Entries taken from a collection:
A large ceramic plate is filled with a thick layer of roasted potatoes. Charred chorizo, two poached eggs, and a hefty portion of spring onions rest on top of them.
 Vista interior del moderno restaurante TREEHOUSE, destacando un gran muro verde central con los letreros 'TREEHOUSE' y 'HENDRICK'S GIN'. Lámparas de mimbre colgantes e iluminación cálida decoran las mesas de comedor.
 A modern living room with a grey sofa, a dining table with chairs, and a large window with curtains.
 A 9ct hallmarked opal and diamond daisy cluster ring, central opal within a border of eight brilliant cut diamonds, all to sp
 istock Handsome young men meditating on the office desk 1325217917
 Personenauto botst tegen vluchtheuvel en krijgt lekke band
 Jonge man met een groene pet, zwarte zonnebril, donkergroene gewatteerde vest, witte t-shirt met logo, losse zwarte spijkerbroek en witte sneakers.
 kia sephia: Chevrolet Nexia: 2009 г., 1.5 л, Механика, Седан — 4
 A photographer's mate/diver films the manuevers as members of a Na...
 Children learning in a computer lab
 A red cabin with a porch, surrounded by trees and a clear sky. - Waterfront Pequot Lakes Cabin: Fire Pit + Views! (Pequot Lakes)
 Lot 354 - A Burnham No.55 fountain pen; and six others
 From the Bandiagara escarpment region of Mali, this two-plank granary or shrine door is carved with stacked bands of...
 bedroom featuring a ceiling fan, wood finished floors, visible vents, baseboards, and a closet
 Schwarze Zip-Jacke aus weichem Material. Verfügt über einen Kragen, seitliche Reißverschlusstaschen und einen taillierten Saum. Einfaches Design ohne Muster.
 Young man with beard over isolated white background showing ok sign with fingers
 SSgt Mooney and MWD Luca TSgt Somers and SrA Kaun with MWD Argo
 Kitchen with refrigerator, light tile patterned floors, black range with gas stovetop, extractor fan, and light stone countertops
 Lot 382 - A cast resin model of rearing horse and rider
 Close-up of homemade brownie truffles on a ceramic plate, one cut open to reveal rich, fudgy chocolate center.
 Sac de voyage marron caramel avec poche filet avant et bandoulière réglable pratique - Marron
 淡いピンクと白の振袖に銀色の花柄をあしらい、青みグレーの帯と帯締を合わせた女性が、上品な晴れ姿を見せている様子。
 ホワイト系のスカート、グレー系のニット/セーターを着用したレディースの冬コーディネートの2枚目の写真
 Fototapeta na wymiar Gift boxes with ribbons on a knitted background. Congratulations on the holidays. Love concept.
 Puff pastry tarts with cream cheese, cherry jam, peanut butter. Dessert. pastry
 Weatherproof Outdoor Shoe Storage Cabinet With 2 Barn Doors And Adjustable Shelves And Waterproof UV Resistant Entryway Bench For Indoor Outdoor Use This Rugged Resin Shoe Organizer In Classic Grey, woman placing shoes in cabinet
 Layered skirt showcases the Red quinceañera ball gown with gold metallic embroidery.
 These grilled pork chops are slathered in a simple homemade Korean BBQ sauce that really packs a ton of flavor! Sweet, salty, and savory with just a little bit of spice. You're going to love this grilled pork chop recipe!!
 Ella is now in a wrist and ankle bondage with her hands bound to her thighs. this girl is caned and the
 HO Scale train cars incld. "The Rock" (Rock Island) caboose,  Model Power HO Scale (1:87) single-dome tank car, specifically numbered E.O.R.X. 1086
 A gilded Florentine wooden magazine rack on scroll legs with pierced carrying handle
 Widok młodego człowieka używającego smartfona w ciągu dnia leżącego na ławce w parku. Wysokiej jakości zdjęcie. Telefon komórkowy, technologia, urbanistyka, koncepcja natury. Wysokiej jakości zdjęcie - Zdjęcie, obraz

What the task requires: Every line that holds the string "large" must be copied from the records above.

Task response:
A large ceramic plate is filled with a thick layer of roasted potatoes. Charred chorizo, two poached eggs, and a hefty portion of spring onions rest on top of them.
 A modern living room with a grey sofa, a dining table with chairs, and a large window with curtains.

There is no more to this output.